In this chapter we consider the principles and performance characteristics of digital modulation techniques that are frequently employed. Before dealing with bandwidth-efficient modulation techniques, we shall review the principles of the simplest baseband signal processing and modulation methods. This introductory material is the foundation for the understanding of more complex, higher-state M-ary systems.
The performance of pulse amplitude modulated (PAM) baseband and of coherent phase shift keyed (PSK) systems in an additive white gaussian noise (AWGN) environment is considered in depth here.
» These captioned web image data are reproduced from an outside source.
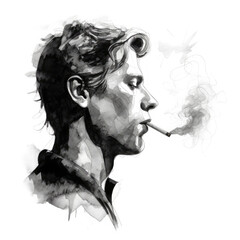 drawing of a man smoking cigaret black and white on white background 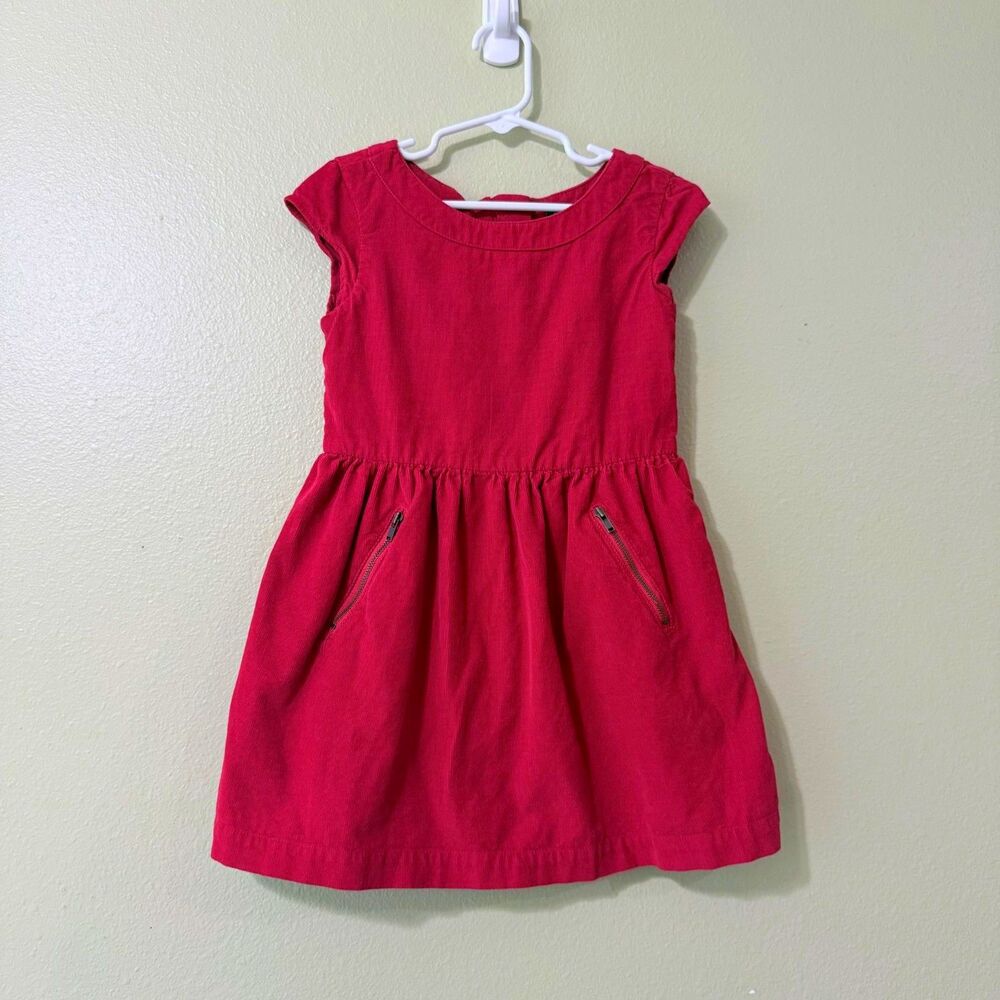 GapKids Girls Red Corduroy Short Sleeve Pocket Dress - Size XS (4-5)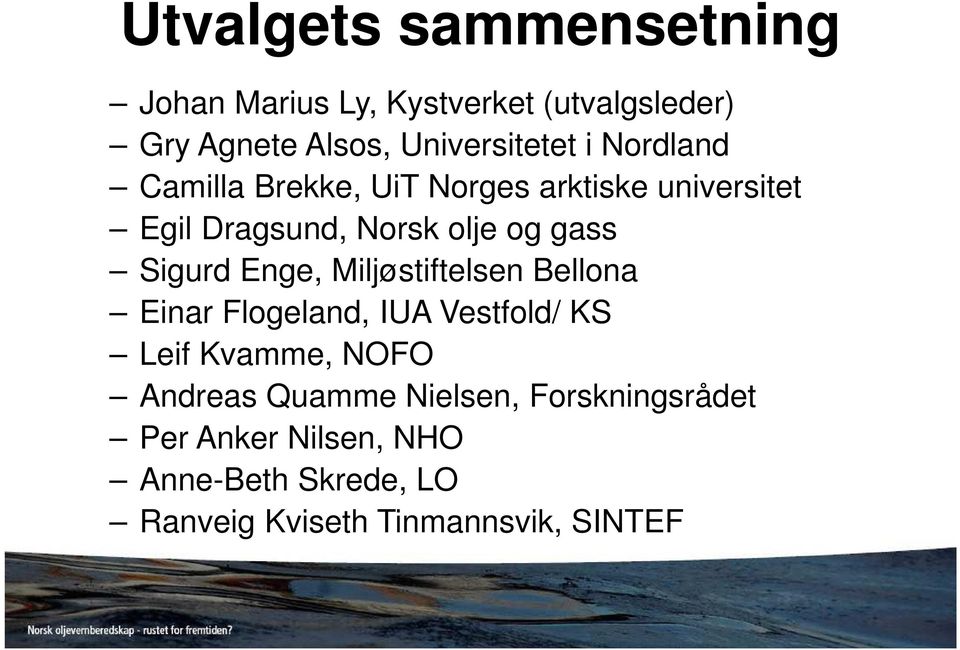 Enge, Miljøstiftelsen Bellona Einar Flogeland, IUA Vestfold/ KS Leif Kvamme, NOFO Andreas Quamme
In this chapter it is assumed that the channel does not contain any non-linearities such as those caused by travelingwave tube (TWT) amplifiers or by power-efficient solid-state non-linear amplifiers. The non-linear effects of these microwave amplifiers on the performance of digitally modulated systems, such as AM to AM or AM to PM conversion, are presented in later chapters. A linear AWGN channel is a somewhat simplistic theoretical model for a microwave system. However, for deeply faded channels this model can represent real conditions if employed carefully. It is simple, mathematically tractable, and permits system comparison.
In addition to PAM baseband and PSK modulated systems, a number of other modulation techniques are in use in digital microwave systems. Correlative coding, also known as generalized duobinary or partial response, amplitude phase keying (APK), digital vestigial-sideband suppressed carrier (VSB-SC), quadrature digital AM (QAM), and pulse amplitude modulated FM are among these modulation techniques. Here the probability of error, P(e), performance of these systems in an...